When it comes to the finer tuned things, each discipline requires different training, i.e. for reining, your horse has to neck rein very well, but also keep a good frame and work through themselves - without rein contact. Dressage, for example, requires a bend, frame, and balance as with reining, but it's on a direct rein. However, the similarities are that they both require the horse and rider to be in tune with one another, they both require the rider to understand the basics of a good seat, legs and hands, and each has to be responsive to those aids.
I don't think one style is any harder than the other, depending on how far you delve into it. I may be able to do a piaffe, but if you handed me a lariat to go rope a cow?? I would not be able to at all!!
Each discipline has its own skill set. 
The best horse I owned (Maia is my up and coming star, but I'm talking about Dancer) could be ridden English or Western and win at both; together we did Medium level dressage, jumped 3'6"-3'9" courses, then we'd turn around and compete in Western pleasure. She was a very well-rounded horse and I think that gave her a great advantage.

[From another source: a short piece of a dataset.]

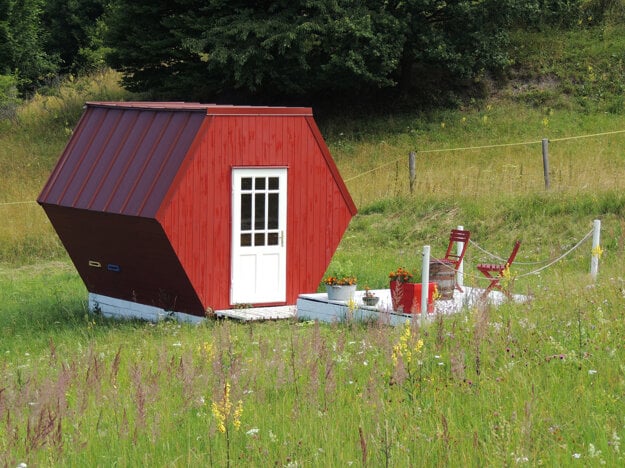 On the southern side of the Štiavnické vrchy mountains, in the village of Uhliská, an atypical hexagonal bee hotel is located, offering an intimate connection with nature.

I'm not trying to bash your topic as well, just offering a discussion point. 
I believe that just like riders, great horses can do well no matter the tack they're in.


----------



## PaintHorseMares (Apr 19, 2008)

I trained our 6 yr old to neck rein when she was 4 basically as you described...neck rein, if she didn't respond, add direct rein/leg, and she caught on very quickly. Our mares definitely prefer 'working' with very little rein/bit over being in their mouth all the time. When we let other people ride them direct rein, they are fine with that too as long as you don't get too tight on them...then they'll shake their head a little sort of like saying "just tell me what you want and I'll do it..you don't need to pull on me". 
As for sitting the trot, the key for me was just to relax, especially hips down. When I started riding, I had a lot of bounce until I realized that I was too worried about everything they tell you to do...heels down, back straight, etc, etc, etc. I was just thinking too much and it made me stiff. Now I just get on, relax, and enjoy and don't worry about my form, and I'm comfortable at the trot or lope.


----------



## MtnLiving (Apr 27, 2008)

PaintHorseMares said:


> I trained our 6 yr old to neck rein when she was 4 basically as you described...neck rein, if she didn't respond, add direct rein/leg, and she caught on very quickly. Our mares definitely prefer 'working' with very little rein/bit over being in their mouth all the time. When we let other people ride them direct rein, they are fine with that too as long as you don't get too tight on them...then they'll shake their head a little sort of like saying "just tell me what you want and I'll do it..you don't need to pull on me".
> As for sitting the trot, the key for me was just to relax, especially hips down. When I started riding, I had a lot of bounce until I realized that I was too worried about everything they tell you to do...heels down, back straight, etc, etc, etc. I was just thinking too much and it made me stiff. Now I just get on, relax, and enjoy and don't worry about my form, and I'm comfortable at the trot or lope.


Same way I sit the trot.  You just get used to it.

I have never ridden a horse that didn't know how to neck rein and I only use a direct rein sometimes when I need to if the horse is feeling frisky and won't do what I ask him/her using neck reining.


----------